- Genre: Romantic; Family; Comedy; Drama;
- Screenplay by: A. C. Karnamurthy Dialogues: Albin Prashanth Raj Rajkamal Bharathi
- Story by: A. C. Karnamurthy
- Directed by: Chidambaram Manivannan
- Starring: Bose Venkat; Gayathri Shastry; Pramodini Pammi; Nikhila Sankar; Luthuf; Shravnitha Srikanth; Kishore; Riyan Joe Jerry; Raj Ayyappa; Siddharth Babu; Namritha MV; ;
- Composer: Saran Raghavan
- Country of origin: India
- Original language: Tamil
- No. of seasons: 1
- No. of episodes: 72

Production
- Executive producer: Jyothishna M
- Producers: Raadhika Srinivasan B. Srinivasan
- Production locations: Chennai Mysore Ahmedabad
- Cinematography: Manikandan Ramamoorthy
- Editor: B. Chandru
- Running time: approx.20–22 minutes per episode
- Production company: Vikatan Televistas Pvt Ltd

Original release
- Network: JioHotstar
- Release: 27 May 2026 – present

Related
- Uppu Puli Kaaram

= Brothers and Sisters (2026 TV series) =

Indian TV series

Brothers and Sisters is an Indian Tamil-language romantic family comedy drama television series, which is an spiritual successor of the web series Uppu Puli Kaaram (2024).This series is directed by Chidambaram Manivannan for JioHotstar.The story revolves around a close-knit but secret-laden family as a brother and his three sisters embark on a hilarious, emotional mission to manage their father.

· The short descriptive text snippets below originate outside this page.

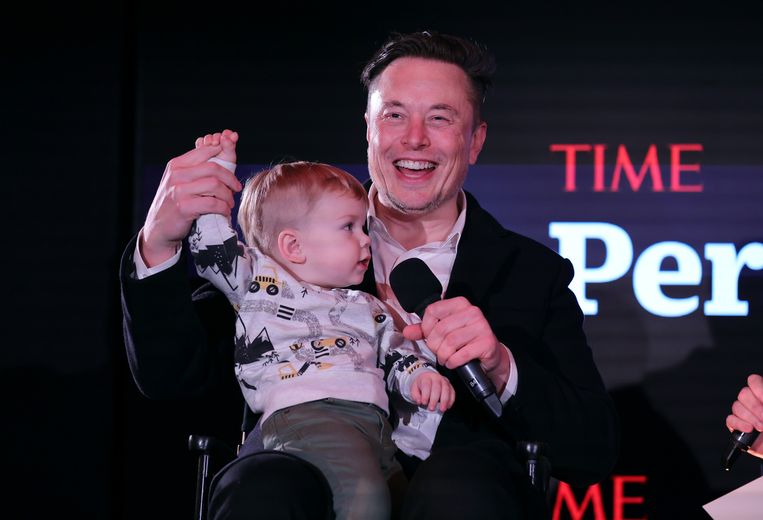In 2021 werd Musk TIME Person of the Year. Reden om te vieren met X Æ A-12, zijn zevende kind en zijn eerste met de al even excentrieke muzikante Grimes. Beeld Getty Images for TIME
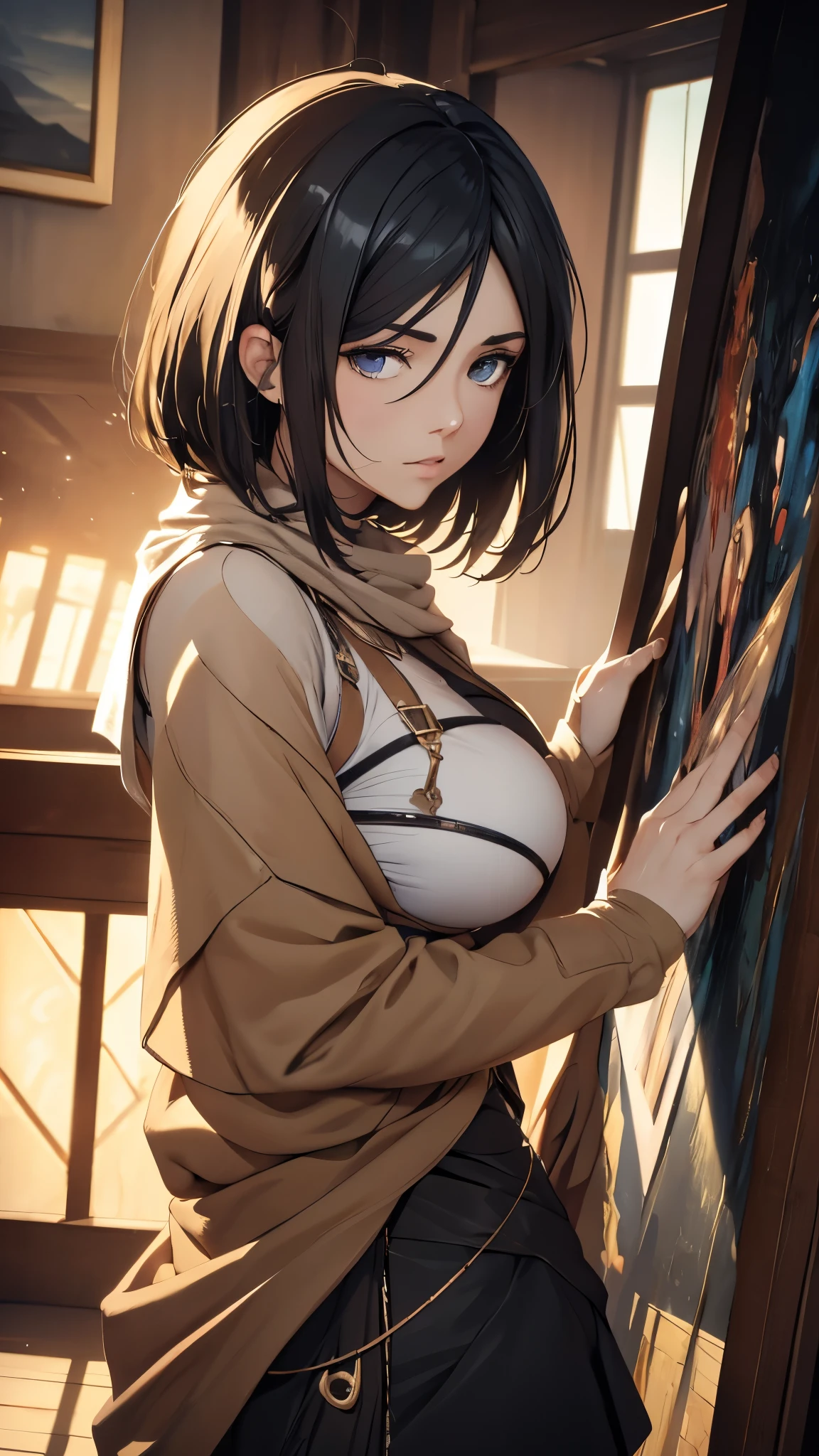 (best quality,4k,8k,highres,masterpiece:1.2),ultra-detailed,(realistic,photorealistic,photo-realistic:1.37),HDR,UHD,studio lighting,ultra-fine painting,sharp focus,physically-based rendering,extreme detail description,professional,vivid colors,bokeh,portraits Mikasa Ackerman from the anime "Attack on Titan", climbing a sheer wall with her equipment (a massive 30-meter wall). She is of a seductive appearance, with a slender figure, long legs, and a large bust. Her eyes are fiery and captivating. The artwork is of the highest quality, with a resolution of 4k, 8k, or even higher. The level of detail is astonishing, making the image look extremely realistic and photorealistic. The lighting is carefully crafted to enhance the overall look and feel of the artwork. Mikasa's character is portrayed in a way that truly captures her essence. The colors are vibrant and lively, creating a visually stunning piece of art. The focus is razor-sharp, with every tiny detail beautifully rendered. The painting technique used is akin to ultra-fine painting, showcasing the artist's mastery. The artwork is created using physically-based rendering techniques, ensuring the highest level of realism. Every little detail is described with extreme precision, bringing the image to life. The overall composition and framing of the artwork are done by a professional artist, resulting in a masterpiece worthy of admiration. The artwork has a sense of depth and three-dimensionality, creating a captivating sense of immersion. The style of the artwork is focused on capturing the essence of portraits, highlighting Mikasa's unique features and personality. The colors used in the artwork are carefully chosen to create a specific mood or atmosphere. The lighting in the artwork is meticulously crafted to enhance the overall look and feel of the scene.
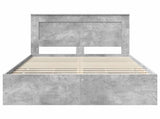 Bed Frame with Drawer Concrete Grey 135 x 190 cm Engineer Wood 3410184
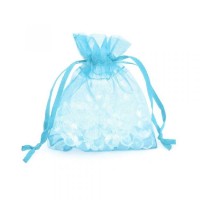 Dárkový sáček organza 9 x 12 cm - sv. modrá - 9632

The principal characters of the series include Bose Venkat, Gayathri Shastry, Pramodini Pammi, Nikhila Sankar, Luthuf, Shravnitha Srikanth, Kishore, Riyan Joe Jerry, Raj Ayyappa, Siddharth Babu and Namritha MV.It premiered on JioHotstar on 27 May 2026.

== Plot ==
The Ponmalar household, led by the strict textile businessman Shanmuga Sundaram "SS" and his warm-hearted wife Ponmalar, appears happy and tightly knit on the surface. They have four children with distinct personalities: Jayshree (a lawyer), Harini(an IT employee), Jagadeesh "Jaggu" (a DJ), and Meera (an aspiring cricketer).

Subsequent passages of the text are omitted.